***** Provided information *****

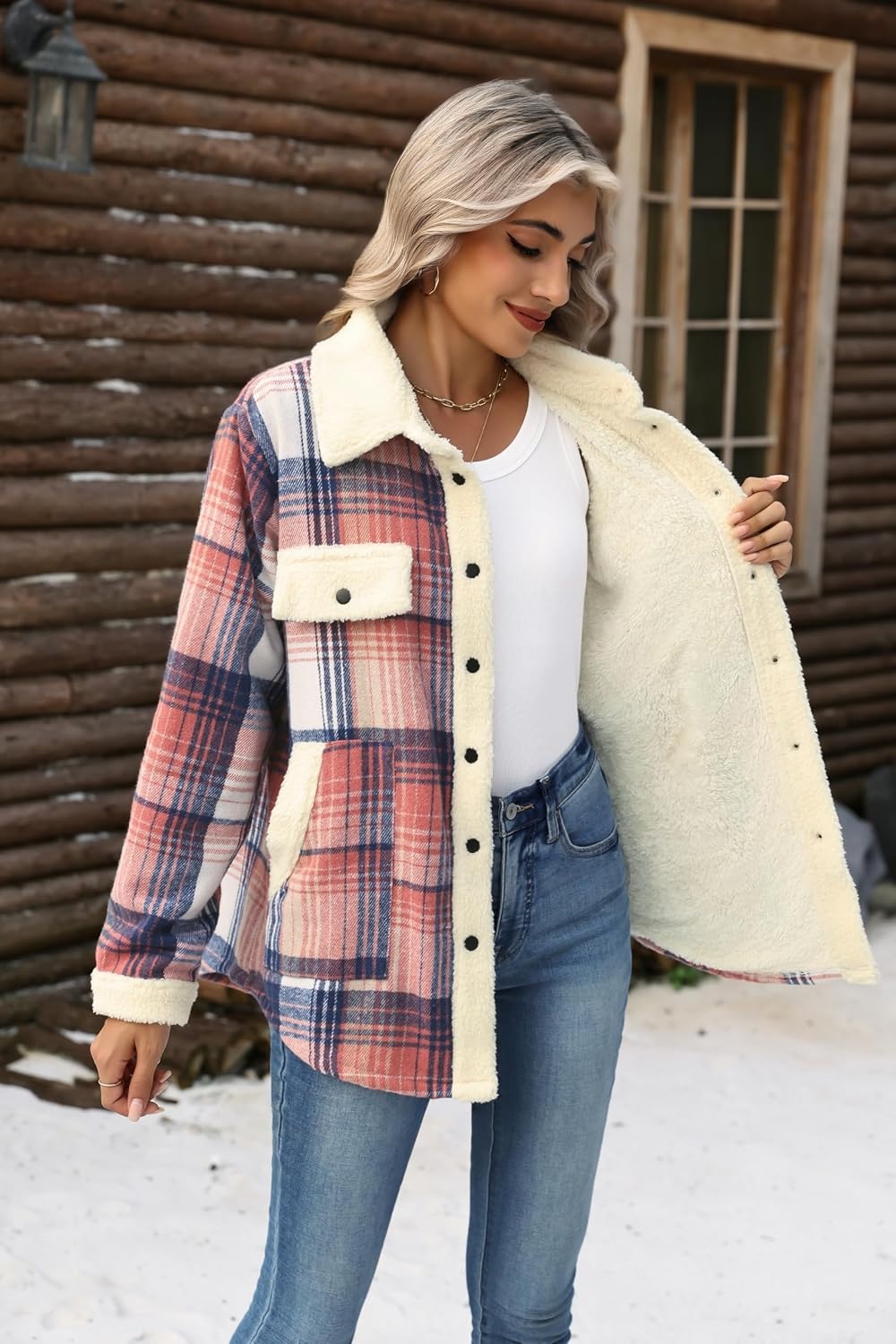 image:imageZEAGOO Womens Flannel Jacket Fleece Lined Shacket Fall Outfits Plaid SherpaPink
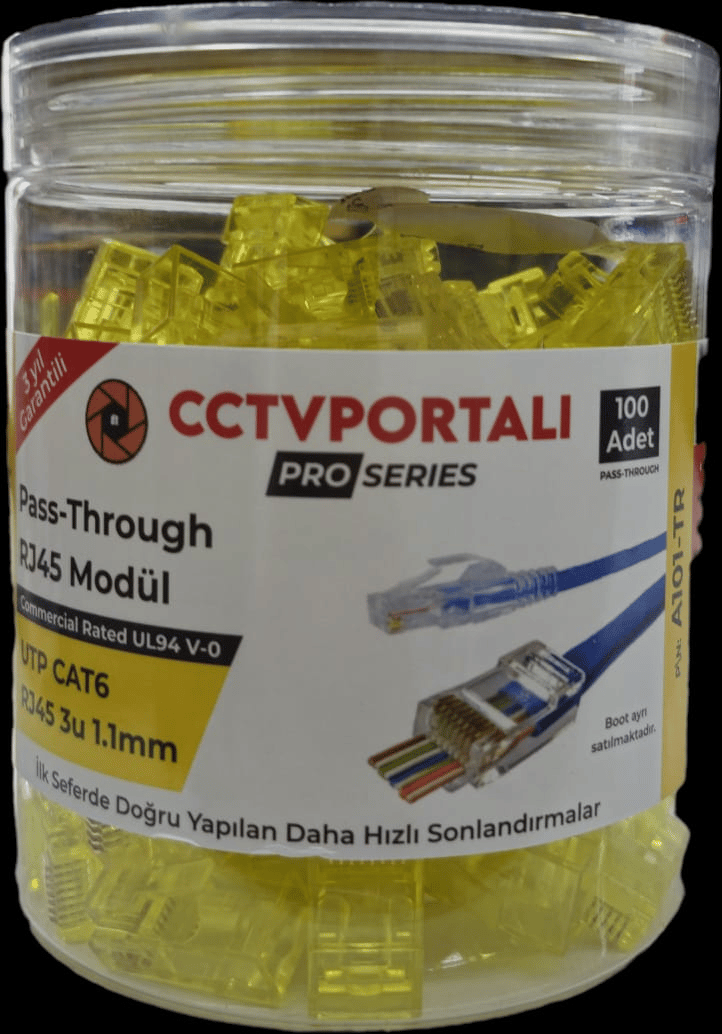 Stonet A101-TR 3U Cat6 1.1mm Yeni Nesil Sarı RJ45 Jack - 100 Lü Paket Halinde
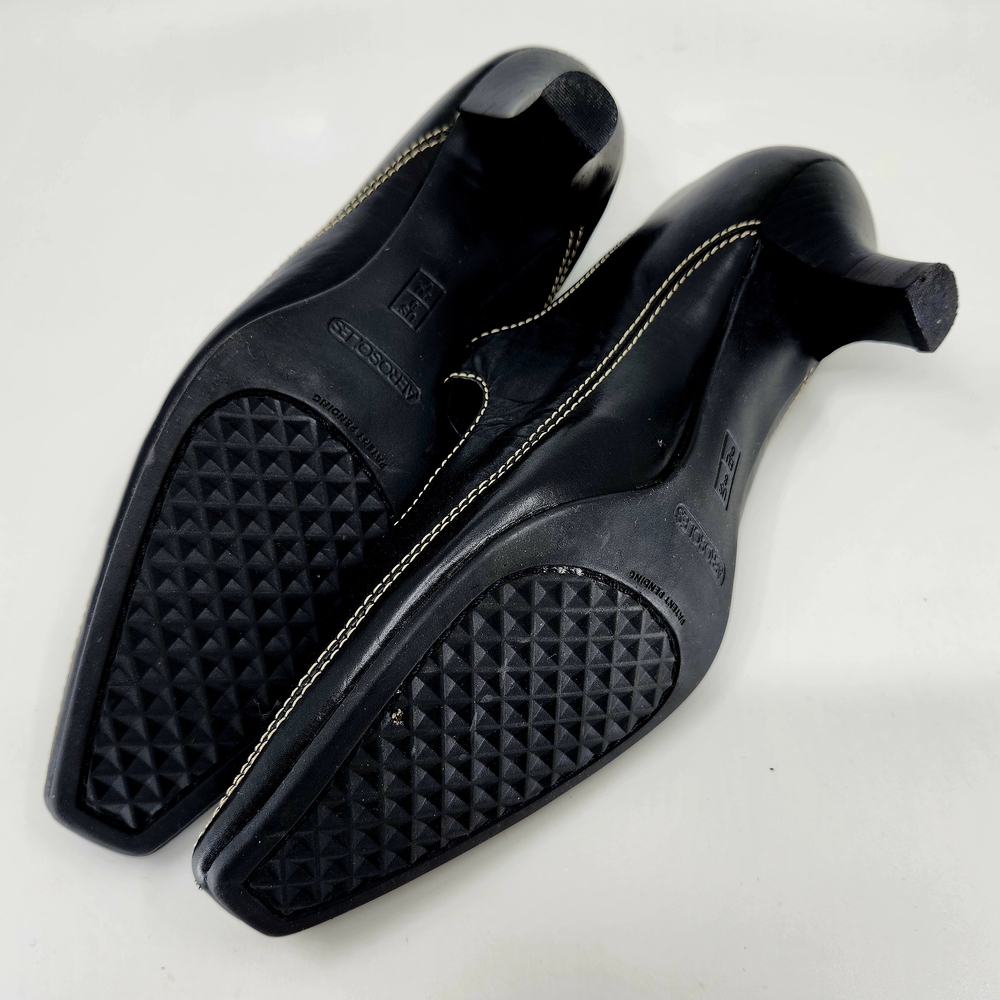 AEROSOLES Black Leather Mary Jane Buckle Heels Size 8 Topstitcing - Picture 7 of 9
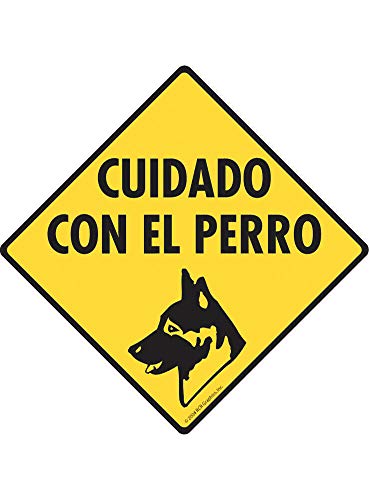 Señal de metal para carretera Beware of Dog Spanish Cuidado Con el Perro de aluminio para perro, cuadrado/redondo de 30 x 30 cm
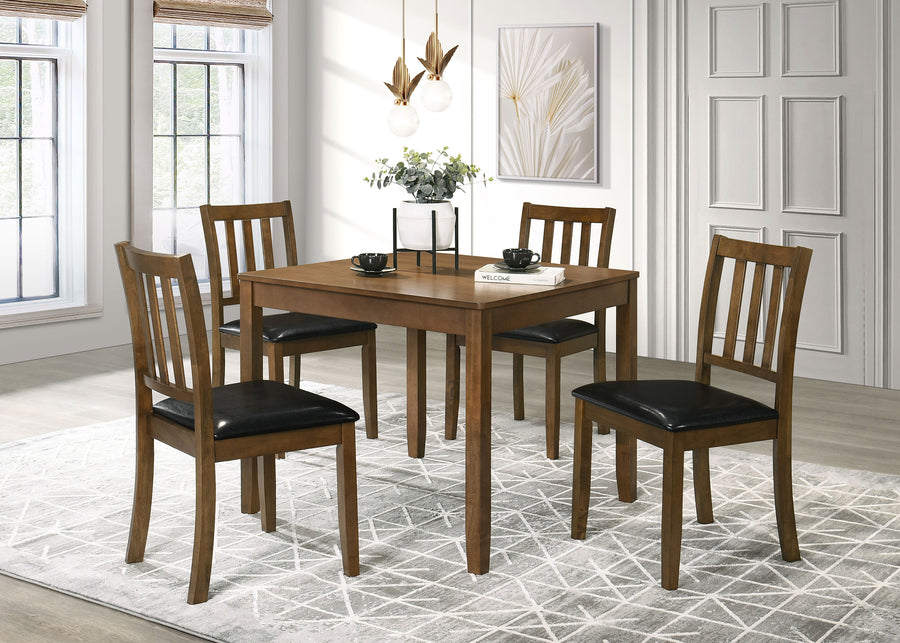 Parkwood 5-piece Dining Set with Square Table and Slat Back Side Chairs Honey Brown and Black _0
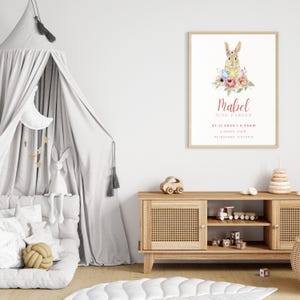 Tabella delle statistiche di nascita del coniglietto • Stampa personalizzata del nome del bambino • Arte murale minimalista per la cameretta del bambino • Regalo personalizzato per neonati • Poster scaricabile digitalmente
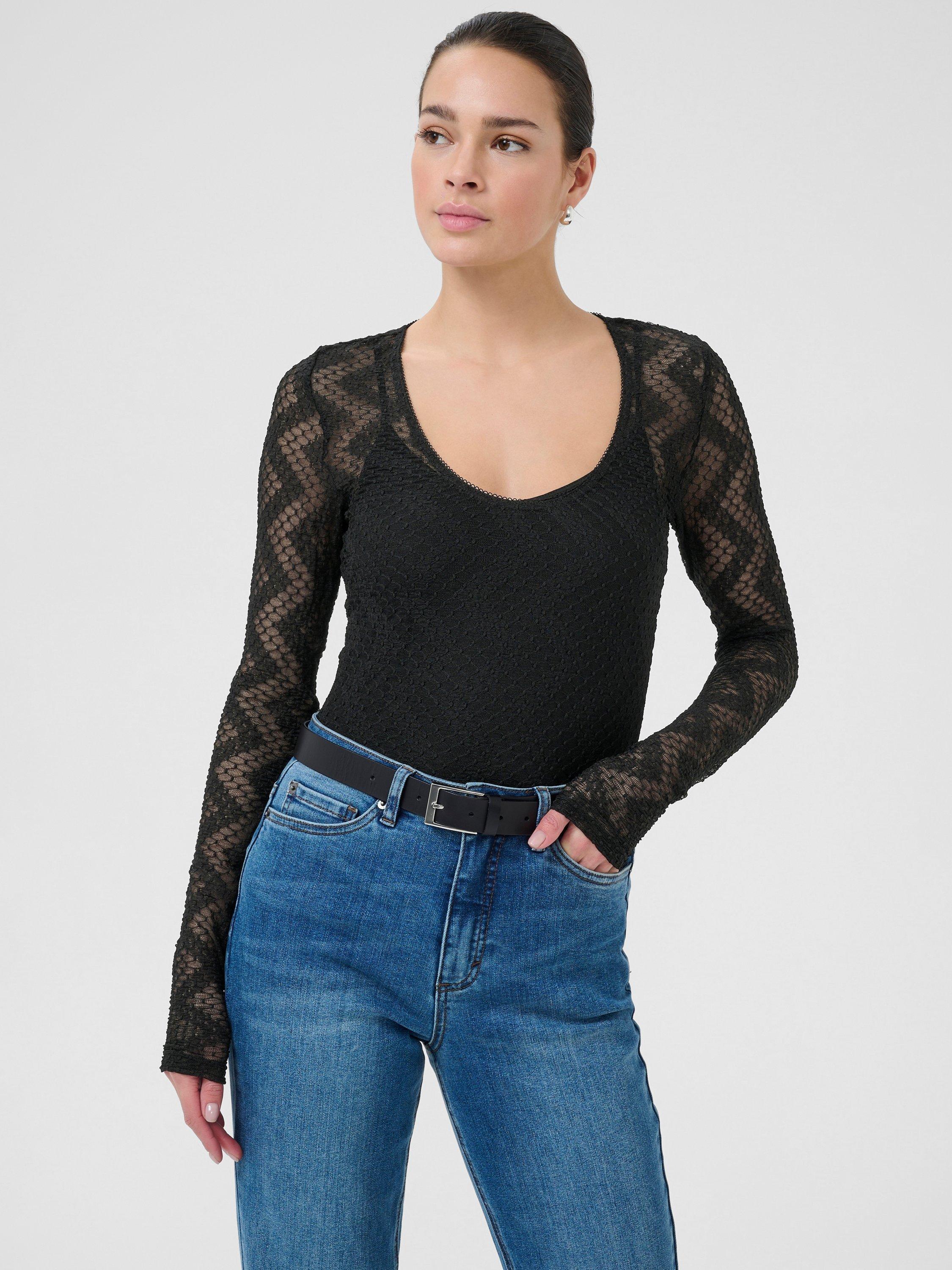 Product image 1 of 6, which shows KAFFE KAlorinda Long Sleeve Lace Shirt, Black, XS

*****

## [Work request]
The answer consists solely of the lines from the one holding "Parkwood 5-piece Dining" through the final line of the records, both ends included, each duplicated exactly. Leave images out.

## [Answer box]
 Parkwood 5-piece Dining Set with Square Table and Slat Back Side Chairs Honey Brown and Black _0
 Tabella delle statistiche di nascita del coniglietto • Stampa personalizzata del nome del bambino • Arte murale minimalista per la cameretta del bambino • Regalo personalizzato per neonati • Poster scaricabile digitalmente
 Product image 1 of 6, which shows KAFFE KAlorinda Long Sleeve Lace Shirt, Black, XS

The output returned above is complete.